▸ **Directions**:
With any pictures left out, restate word for word the lines in the listing below from the one holding "Girls Black Tulle Party Dress - Unbranded" through the last.

▸ **Supplied information**:

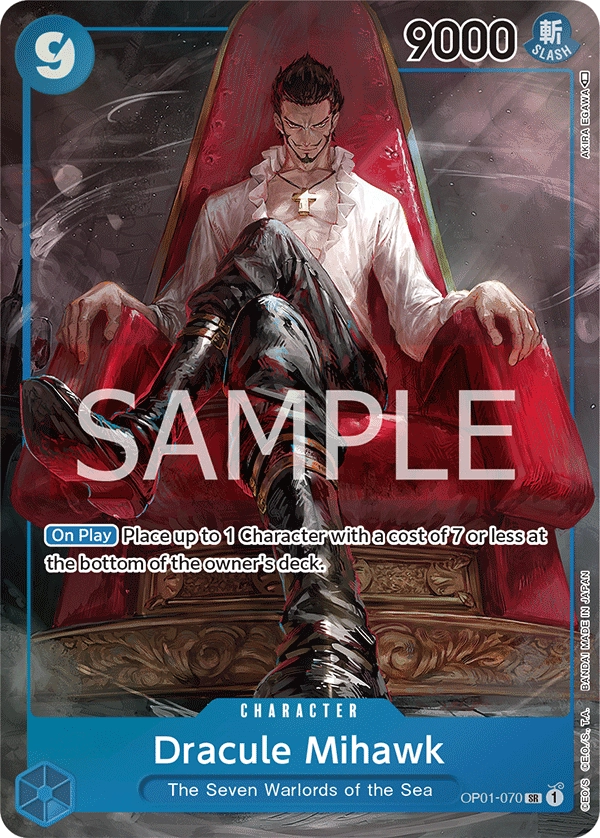 Carta Dracule Mihawk (OP01-070)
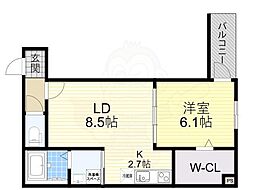 (仮称)フジパレス沢良宜西一丁目 1階/-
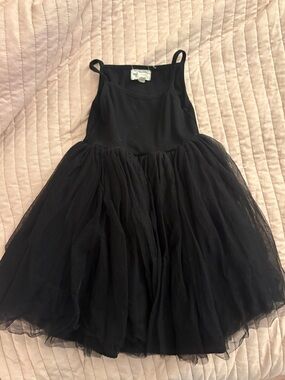 Girls Black Tulle Party Dress - Unbranded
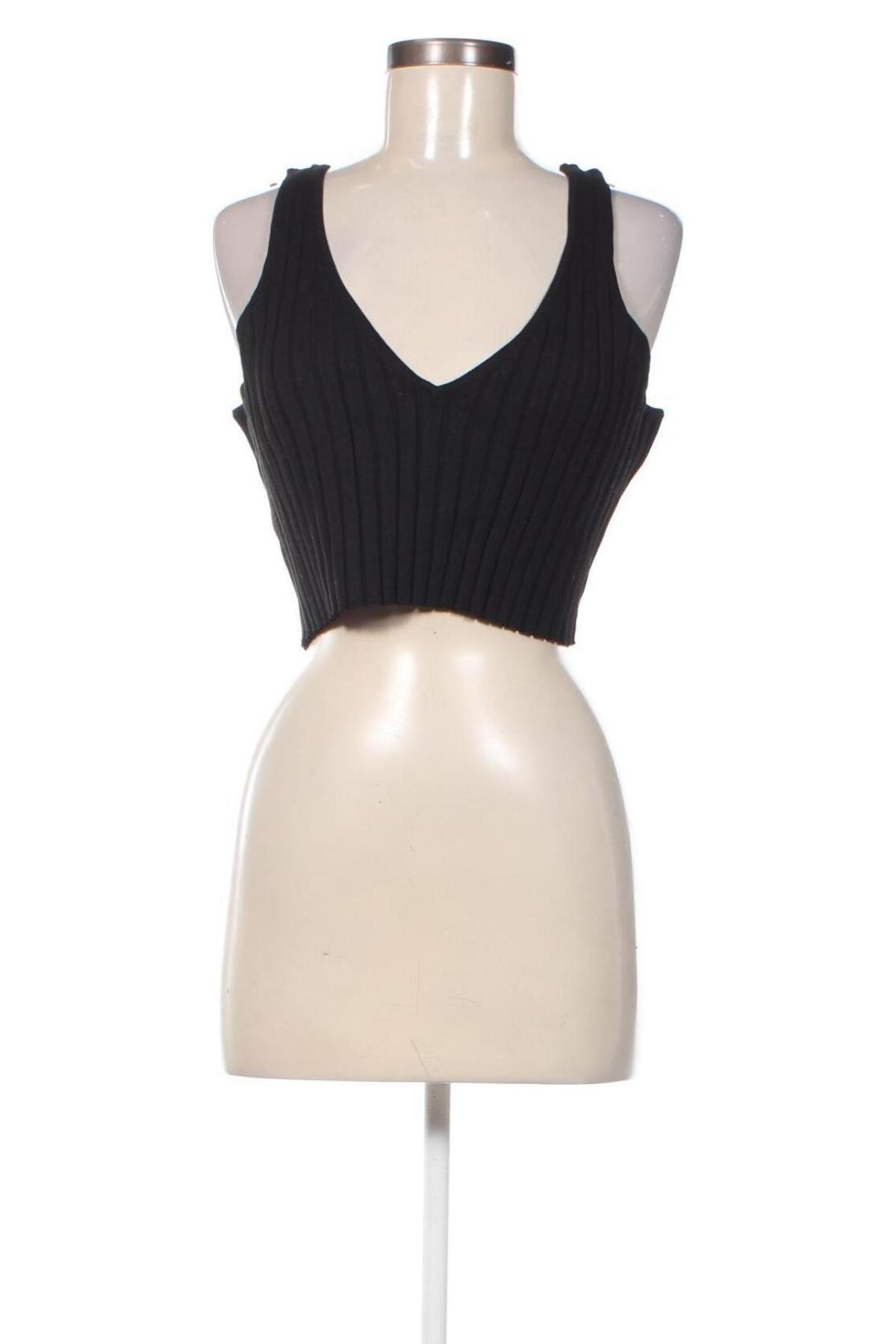 Γυναικείο αμάνικο μπλουζάκι Monki, Μέγεθος XL, Χρώμα Μαύρο, Τιμή 8,81 €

▸ **Answer to this problem**:
 Girls Black Tulle Party Dress - Unbranded
 Γυναικείο αμάνικο μπλουζάκι Monki, Μέγεθος XL, Χρώμα Μαύρο, Τιμή 8,81 €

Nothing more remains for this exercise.